Дождь льет на застой, разбавляет застой.
Кустурица хочет проверить время – смотрит на часы, но они остановились.
Застой не шелохнется, невозможно заставить часы ходить при помощи дождя, будь ты самый искусный фокусник. Невозможно заставить часы пойти, через громкость магнитофона, через сонное шарканье, расклеивающихся ботинок, невозможно заставить ходить часы, кажется “Ракета”, невозможно, попытки кажутся беспомощными.
В детстве слово Сараево ассоциировалось у меня с сараем на даче. В детстве было ещё рукой подать до безвременья. До застоя, зачарованного, перед тем как рухнуть. У меня нет тоски по империи. Я не знал империи, а когда я рос, её только ругали. Несуществующей памятью, я вспоминаю, как отец собирал кубик Рубика. Как переписывал метод сборки из журнала Наука и Жизнь, в свой серый блокнотик. Как бежали троллейбусы от площади Мужества, по пустому Гражданскому, как здесь были сплошняком ещё поросшие городской травой степи, дома были в них, величественны своей чередой геометрии, не было торговых центров и наружной рекламы. А деревья, вопреки тому, что должны были быть большие, не тянулись ещё так к небу, не облепляли, дворы, деревья уже окрепли, но ещё не преисполнились мудростью, деревья были подростки, скамейки были дощатыми, свежеокрашенными, в редких цветных фотографиях было больше неестественных красок, которые теперь принимаешь за правду.
Мне приятно думать про Эмира Кустурицу в конце 70-х .

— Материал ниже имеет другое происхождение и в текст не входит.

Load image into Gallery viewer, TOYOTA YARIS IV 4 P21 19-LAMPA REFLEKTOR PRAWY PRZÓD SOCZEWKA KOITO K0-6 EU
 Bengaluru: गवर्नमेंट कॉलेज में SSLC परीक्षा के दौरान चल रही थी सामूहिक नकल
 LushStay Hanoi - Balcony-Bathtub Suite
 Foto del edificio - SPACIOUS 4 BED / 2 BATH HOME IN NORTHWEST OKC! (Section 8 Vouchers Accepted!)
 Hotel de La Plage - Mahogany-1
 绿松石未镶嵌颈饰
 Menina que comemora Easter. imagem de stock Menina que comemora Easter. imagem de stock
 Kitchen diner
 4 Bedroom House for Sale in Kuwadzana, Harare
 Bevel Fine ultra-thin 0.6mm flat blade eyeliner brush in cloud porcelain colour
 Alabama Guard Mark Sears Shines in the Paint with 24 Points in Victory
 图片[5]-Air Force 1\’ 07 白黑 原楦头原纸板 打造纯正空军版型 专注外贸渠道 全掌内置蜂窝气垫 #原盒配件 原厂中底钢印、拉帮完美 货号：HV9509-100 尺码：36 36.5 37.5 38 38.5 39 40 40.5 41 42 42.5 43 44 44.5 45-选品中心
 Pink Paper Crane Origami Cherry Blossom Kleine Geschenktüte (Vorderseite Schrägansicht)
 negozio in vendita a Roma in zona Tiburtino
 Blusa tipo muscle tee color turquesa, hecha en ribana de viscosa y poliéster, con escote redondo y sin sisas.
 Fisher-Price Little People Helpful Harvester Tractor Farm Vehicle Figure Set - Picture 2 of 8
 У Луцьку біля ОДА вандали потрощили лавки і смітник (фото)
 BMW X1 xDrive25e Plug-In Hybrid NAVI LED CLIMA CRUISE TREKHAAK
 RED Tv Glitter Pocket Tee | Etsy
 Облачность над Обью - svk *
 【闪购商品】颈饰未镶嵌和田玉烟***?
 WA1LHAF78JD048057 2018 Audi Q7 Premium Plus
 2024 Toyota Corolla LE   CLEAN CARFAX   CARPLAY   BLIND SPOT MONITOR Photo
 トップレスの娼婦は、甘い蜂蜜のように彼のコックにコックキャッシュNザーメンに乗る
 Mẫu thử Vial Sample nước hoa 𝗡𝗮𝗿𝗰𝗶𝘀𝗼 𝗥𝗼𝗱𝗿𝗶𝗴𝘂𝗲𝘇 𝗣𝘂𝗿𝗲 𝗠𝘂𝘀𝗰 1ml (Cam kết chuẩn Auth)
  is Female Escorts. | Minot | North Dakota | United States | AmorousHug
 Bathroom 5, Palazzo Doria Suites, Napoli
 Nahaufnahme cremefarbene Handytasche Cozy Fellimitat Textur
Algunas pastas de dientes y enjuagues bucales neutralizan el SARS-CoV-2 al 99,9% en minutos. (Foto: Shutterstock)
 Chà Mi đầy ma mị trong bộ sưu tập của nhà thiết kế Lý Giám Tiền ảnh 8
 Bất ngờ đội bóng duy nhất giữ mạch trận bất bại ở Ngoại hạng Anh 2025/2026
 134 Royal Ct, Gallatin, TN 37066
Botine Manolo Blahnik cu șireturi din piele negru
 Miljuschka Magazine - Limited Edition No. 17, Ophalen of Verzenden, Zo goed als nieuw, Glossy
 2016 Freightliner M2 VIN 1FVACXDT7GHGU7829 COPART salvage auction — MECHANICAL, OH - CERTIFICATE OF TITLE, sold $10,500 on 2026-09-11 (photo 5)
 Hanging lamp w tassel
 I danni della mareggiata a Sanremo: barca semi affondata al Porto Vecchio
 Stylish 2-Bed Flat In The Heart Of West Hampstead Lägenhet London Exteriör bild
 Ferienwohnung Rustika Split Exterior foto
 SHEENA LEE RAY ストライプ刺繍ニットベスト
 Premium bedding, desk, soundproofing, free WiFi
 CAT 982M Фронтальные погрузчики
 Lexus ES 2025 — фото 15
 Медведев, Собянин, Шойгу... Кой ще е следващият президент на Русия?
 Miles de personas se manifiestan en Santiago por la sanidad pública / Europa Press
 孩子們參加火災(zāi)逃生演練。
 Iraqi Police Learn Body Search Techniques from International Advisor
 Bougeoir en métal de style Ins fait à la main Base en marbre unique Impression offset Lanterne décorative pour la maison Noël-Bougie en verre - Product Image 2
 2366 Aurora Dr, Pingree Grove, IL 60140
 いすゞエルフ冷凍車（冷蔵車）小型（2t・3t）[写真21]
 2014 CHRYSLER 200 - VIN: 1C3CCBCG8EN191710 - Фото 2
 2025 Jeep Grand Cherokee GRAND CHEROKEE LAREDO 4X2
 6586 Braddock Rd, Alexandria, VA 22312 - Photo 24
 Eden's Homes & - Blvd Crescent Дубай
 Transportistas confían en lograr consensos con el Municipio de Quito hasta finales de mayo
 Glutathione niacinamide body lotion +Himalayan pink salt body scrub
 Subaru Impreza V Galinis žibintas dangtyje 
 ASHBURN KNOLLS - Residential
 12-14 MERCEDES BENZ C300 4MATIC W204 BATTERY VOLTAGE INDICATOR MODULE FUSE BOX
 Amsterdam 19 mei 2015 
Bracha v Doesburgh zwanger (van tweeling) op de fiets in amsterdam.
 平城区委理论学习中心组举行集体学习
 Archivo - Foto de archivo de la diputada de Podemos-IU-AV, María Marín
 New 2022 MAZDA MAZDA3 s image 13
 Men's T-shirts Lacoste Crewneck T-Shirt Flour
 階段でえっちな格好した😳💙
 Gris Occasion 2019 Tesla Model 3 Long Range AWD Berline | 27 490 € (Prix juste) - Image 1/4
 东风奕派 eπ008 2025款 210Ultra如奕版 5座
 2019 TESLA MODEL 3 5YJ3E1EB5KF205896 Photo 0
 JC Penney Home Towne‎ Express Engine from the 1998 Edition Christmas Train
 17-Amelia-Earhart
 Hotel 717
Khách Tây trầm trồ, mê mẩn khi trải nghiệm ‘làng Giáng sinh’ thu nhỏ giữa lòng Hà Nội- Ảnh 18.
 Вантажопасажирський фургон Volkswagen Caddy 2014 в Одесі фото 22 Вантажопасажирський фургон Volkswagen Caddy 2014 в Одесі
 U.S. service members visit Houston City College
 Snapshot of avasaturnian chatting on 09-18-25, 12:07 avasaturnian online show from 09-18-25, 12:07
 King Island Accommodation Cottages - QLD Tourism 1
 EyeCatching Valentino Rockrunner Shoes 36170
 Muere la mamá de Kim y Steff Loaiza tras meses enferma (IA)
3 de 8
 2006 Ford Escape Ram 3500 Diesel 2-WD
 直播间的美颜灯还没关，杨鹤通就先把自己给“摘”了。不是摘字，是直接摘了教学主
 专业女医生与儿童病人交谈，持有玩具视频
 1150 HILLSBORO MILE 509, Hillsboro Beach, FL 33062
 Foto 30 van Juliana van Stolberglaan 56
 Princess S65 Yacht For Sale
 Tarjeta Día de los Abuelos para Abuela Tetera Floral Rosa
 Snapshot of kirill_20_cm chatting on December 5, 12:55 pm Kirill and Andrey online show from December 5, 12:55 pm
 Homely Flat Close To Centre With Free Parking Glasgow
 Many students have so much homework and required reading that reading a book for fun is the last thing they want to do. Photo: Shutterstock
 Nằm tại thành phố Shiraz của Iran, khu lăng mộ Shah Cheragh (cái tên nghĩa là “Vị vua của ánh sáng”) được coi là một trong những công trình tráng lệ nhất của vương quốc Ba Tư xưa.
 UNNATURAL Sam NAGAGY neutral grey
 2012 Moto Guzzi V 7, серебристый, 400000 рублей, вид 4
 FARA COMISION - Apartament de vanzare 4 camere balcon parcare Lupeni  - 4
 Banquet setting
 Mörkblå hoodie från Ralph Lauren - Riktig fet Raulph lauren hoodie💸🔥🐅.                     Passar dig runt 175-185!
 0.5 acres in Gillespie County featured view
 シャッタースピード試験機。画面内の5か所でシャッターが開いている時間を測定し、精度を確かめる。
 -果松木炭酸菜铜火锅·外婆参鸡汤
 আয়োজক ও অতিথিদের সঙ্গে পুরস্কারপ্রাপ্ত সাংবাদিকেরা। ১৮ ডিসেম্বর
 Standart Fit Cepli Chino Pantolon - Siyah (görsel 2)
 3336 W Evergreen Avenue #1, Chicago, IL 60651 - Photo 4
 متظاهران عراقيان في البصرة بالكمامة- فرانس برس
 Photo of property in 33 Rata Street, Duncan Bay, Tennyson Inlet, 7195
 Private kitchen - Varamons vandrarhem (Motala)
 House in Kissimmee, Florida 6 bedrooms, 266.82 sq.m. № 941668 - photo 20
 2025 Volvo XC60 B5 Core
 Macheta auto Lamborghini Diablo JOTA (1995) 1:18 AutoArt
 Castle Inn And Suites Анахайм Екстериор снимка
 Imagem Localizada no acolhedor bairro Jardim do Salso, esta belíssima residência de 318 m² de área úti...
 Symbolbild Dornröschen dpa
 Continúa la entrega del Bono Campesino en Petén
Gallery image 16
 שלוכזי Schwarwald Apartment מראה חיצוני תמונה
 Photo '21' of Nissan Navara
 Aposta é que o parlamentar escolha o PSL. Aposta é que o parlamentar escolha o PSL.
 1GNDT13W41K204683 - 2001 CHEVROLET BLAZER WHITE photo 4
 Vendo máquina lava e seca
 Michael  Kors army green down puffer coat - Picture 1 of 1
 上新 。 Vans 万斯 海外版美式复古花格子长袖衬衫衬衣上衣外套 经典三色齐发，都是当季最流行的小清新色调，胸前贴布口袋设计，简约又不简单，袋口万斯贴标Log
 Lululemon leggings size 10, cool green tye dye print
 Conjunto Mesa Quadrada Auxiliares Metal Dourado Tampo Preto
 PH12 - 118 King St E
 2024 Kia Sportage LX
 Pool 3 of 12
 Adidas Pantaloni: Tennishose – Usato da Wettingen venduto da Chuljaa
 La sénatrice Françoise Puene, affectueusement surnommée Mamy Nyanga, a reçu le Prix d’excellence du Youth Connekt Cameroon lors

Найти бы советский НИИ эпохи застоя, такой чтобы там прошло 20 лет без ремонта, под дерево крашенные стены, красные кресла, тусклые лампы, чтобы пыль с тех времен стояла, чтобы время здесь растворилось, остановилось. Катится бы по нему мячиком, или стоять, уставившись в стенку, различать голоса и шепоты, не сохранившиеся мысли, потерявшиеся на пути в ухо звуки.
Придти бы в библиотеку 1985 года. Попросить сборник рассказов Кира Булычёва, читать в читальном зале, пыльные окна, редкие люди – днём, алкаши, да тунеядцы, троллейбусы, Жигули раз в 10 минут. Кир мог бы написать такой рассказ про не рожденного ещё ребёнка в библиотеке.
Хорошо в тех временах, где ты не жил, которые помнишь утробной, не зачатой ещё памятью, когда витал духом, в поисках, куда бы приземлиться, а те с кем ты сейчас запросто общаешься, были из плоти и крови, здоровые и в разной степени развития, понимали что такое жизнь, и не думали что ты появишься перед ними именно таким, каким потом появился, представить не могли себе тебя, шагали по солнечным комнатам, чувствовали дуновение ветра. Эмир Кустурица в Сараево, задумывает первые фильмы для телевиденья, или какой-нибудь Абдрашитов, высекает из мрамора застойного времени, свои завороженные характеры.
Хорошо, в тех временах, в которых тебе не доводилось раздражаться, злиться, чувствовать себя не уютно – потому что ты никак ещё не чувствовал, не мог материально.
Там где Брежнев, знает что делает — останавливает часы. За пять минут до ядерного взрыва. Когда входит молодой Сергей Шакуров, хитрый и обаятельный, когда Никита Михалков, ещё хмурит усы несерьезно, когда Фёдя Стуков бежит по железной дороге и поёт – чтобы лето не кончалось.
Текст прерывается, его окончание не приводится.